EXERCISE AIM: Which lines run from the line with "Hoito toteutetaan kannettavalla" through the line with "Pessoas feridas depois" in the entries below? Print them exactly, both ends included, and nothing more.

RECORDS SHOWN:
= = = = = = =

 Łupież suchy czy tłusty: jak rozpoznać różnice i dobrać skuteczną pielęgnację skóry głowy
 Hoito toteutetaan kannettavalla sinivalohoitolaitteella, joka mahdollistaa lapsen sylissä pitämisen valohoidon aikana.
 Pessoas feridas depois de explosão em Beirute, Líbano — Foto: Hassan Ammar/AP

= = = = = = =

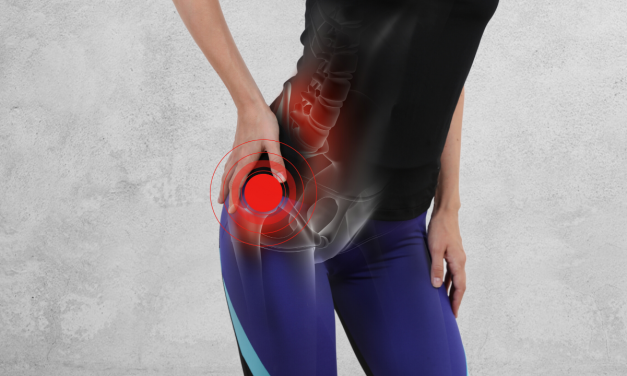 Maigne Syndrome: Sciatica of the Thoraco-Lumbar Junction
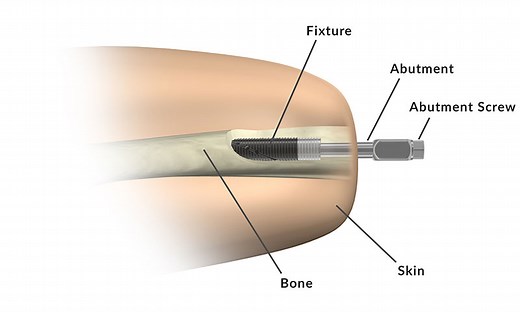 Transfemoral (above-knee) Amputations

= = = = = = =

EXERCISE ANSWER:
 Hoito toteutetaan kannettavalla sinivalohoitolaitteella, joka mahdollistaa lapsen sylissä pitämisen valohoidon aikana.
 Pessoas feridas depois de explosão em Beirute, Líbano — Foto: Hassan Ammar/AP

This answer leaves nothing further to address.